La partie de 12 m2 qu elle voudrait aménager donne sur une autre pièce, derrière, qui elle même comporte 3 fenêtres. Les deux pièces sont en enfilade, il y a donc aération, si quand elle ouvre les fenêtres, elle laisse la porte ouverte entre les deux pièces.
J'y perds mon latin, dans cette histoire😁*


----------



## kikine (26 Novembre 2022)

au niveau de la loi une pièce ne peut pas être considérée comme une chambre si il n'y a pas de fenêtre sur l'extérieur, je doute que la pmi accepte ceci, la preuve ton amie a eu 1 refus et 1 oui, ce qui veut dire que même si là ça passe car elle tombe sur une puer cool, la prochaine risque de refuser au renouvellement (ou la prochaine visite)

on ne peut pas te dire si oui ou non cette pièce sera acceptée ça dépendra de la puer si elle accepte que les petits dorment dans une partie du garage qui, légalement ne peut pas être considérée comme une chambre....


----------



## caninou (26 Novembre 2022)

Bonjour,
pour avoir une aération constante, elle pourrait faire poser une VMC, ce qui est possible puisqu'elle a des combles au dessus de son garage.
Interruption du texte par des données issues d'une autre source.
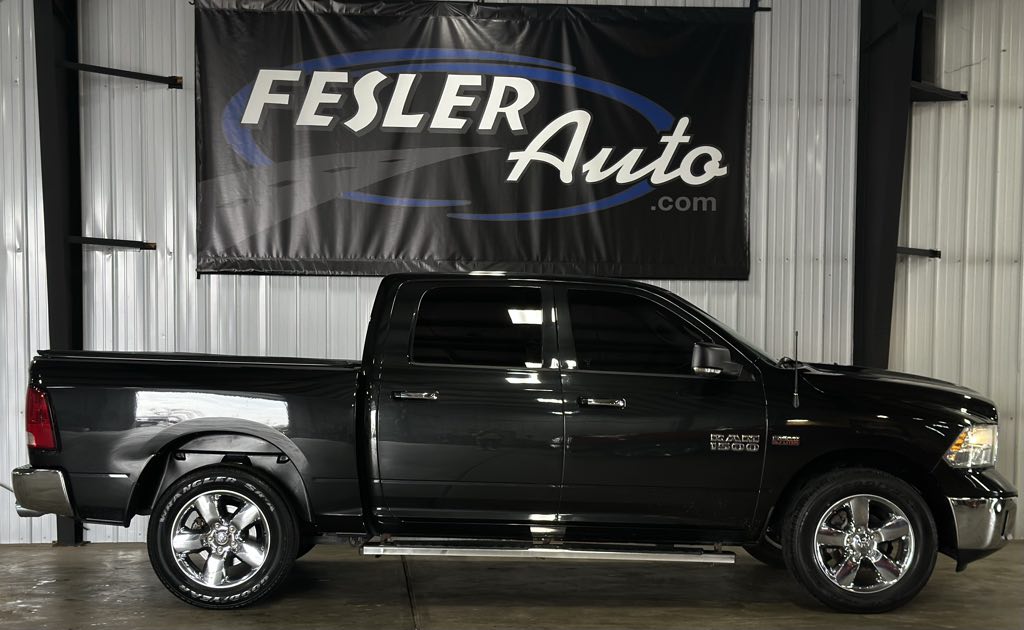 2016 RAM 1500 Big Horn 4x4 Crew Cab 5'7's photo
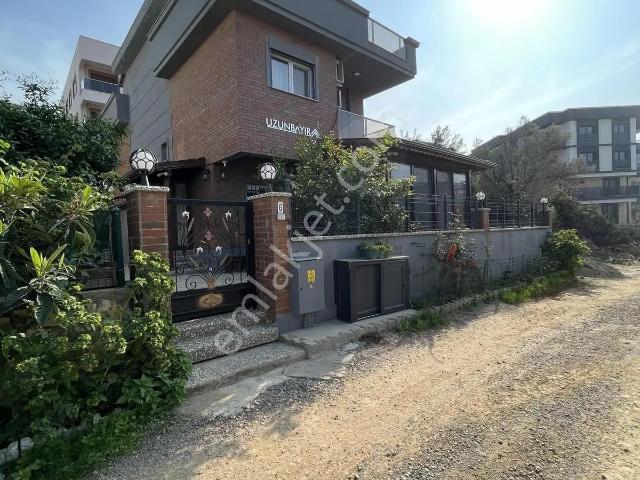 İzmir Yenifoça Doğa Manzaralı Satılık 2+1 Villa
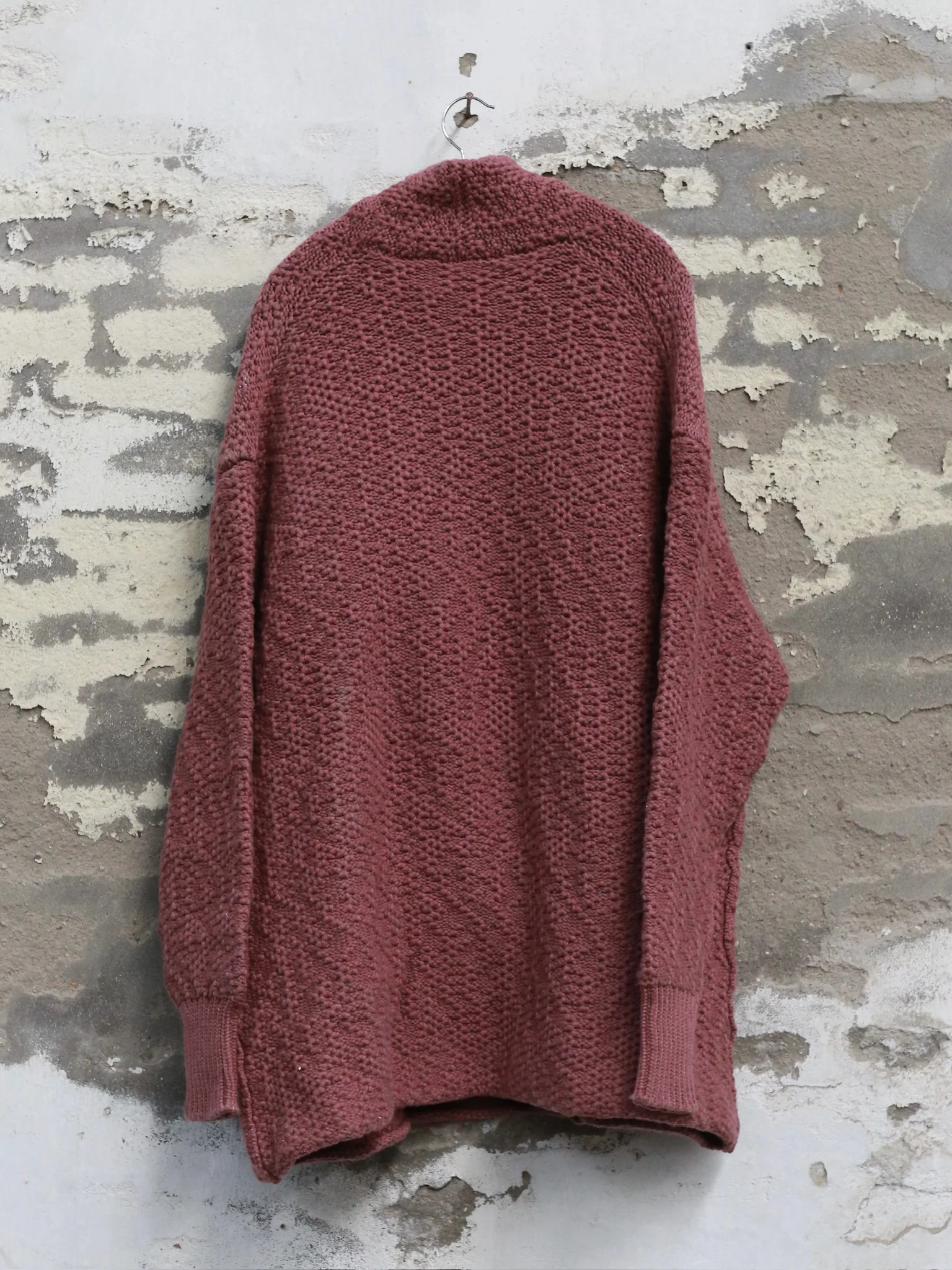 Daniel Andresen Fall/Winter 2025 Loose-fitting, thick cashmere cardigan, warm, from Belgium (DA-beet-mauve). - Image 9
La VMC permet d'aérer et en même temps freine énormément les taux d'humidité. C'est une petite idée, à voir avec la PMI si ça peut passer.


----------



## NounouNat2 (26 Novembre 2022)

*Oui Caninou, ma collègue va installer une VMC quoiqu'il arrive.
Kikine, je ne comprendrais jamais pourquoi un garage transformé en chambre pose problème, mais en salle de jeux, c'est ok.
J'ai vu des sous sols transformés en salle de jeux, même avec des fenêtres, je trouve ça oppressant.
J'ai vu des salons bien aménagés pour l'accueil, de véritables petits cocons, aux styles scandinaves (je suis fan), ou je redeviendrais bien enfant pour pouvoir y rester 🤩
Tout dépend de l'aménagement, la déco, le côté chaleureux...*


----------



## MeliMelo (26 Novembre 2022)

Il y a peut-être d'autres solutions car une pièce en enfilade sans fenêtre c'est vrai que c'est pas top, même si un jour votre amie veut revendre sa maison (hormis pour un dressing peut-être).


----------



## Marine35 (27 Novembre 2022)

J’ai travaillé dans une crèche et un dortoir était une pièce aveugle ! Il y avait 6 lits. C’était une structure récente. C’était toujours le cas il y a 11 ans quand je suis partie. Il faudrait que la puéricultrice juge sur place. Là la pièce n’est pas plongée dans le noir et l’air peut quand même circuler. Sinon peut-être envisager une  vmc


----------